(Caption-style text data)
▶

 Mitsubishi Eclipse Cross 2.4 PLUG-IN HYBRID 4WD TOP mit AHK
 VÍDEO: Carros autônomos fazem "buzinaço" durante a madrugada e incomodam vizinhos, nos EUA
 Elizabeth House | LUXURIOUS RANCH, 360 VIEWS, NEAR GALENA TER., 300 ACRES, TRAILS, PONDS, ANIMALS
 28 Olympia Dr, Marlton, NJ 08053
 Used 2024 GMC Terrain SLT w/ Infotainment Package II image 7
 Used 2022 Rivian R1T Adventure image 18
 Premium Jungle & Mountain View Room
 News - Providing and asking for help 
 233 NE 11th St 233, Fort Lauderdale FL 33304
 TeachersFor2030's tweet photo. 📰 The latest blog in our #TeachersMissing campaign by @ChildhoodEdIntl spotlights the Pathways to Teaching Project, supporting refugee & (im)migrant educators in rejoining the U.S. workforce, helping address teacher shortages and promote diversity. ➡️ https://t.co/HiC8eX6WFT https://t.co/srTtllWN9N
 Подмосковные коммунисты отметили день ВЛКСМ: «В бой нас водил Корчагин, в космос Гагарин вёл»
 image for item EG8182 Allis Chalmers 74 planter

◀

> About this task: All the entries must be retyped exactly.

> Finished task:
 Mitsubishi Eclipse Cross 2.4 PLUG-IN HYBRID 4WD TOP mit AHK
 VÍDEO: Carros autônomos fazem "buzinaço" durante a madrugada e incomodam vizinhos, nos EUA
 Elizabeth House | LUXURIOUS RANCH, 360 VIEWS, NEAR GALENA TER., 300 ACRES, TRAILS, PONDS, ANIMALS
 28 Olympia Dr, Marlton, NJ 08053
 Used 2024 GMC Terrain SLT w/ Infotainment Package II image 7
 Used 2022 Rivian R1T Adventure image 18
 Premium Jungle & Mountain View Room
 News - Providing and asking for help 
 233 NE 11th St 233, Fort Lauderdale FL 33304
 TeachersFor2030's tweet photo. 📰 The latest blog in our #TeachersMissing campaign by @ChildhoodEdIntl spotlights the Pathways to Teaching Project, supporting refugee & (im)migrant educators in rejoining the U.S. workforce, helping address teacher shortages and promote diversity. ➡️ https://t.co/HiC8eX6WFT https://t.co/srTtllWN9N
 Подмосковные коммунисты отметили день ВЛКСМ: «В бой нас водил Корчагин, в космос Гагарин вёл»
 image for item EG8182 Allis Chalmers 74 planter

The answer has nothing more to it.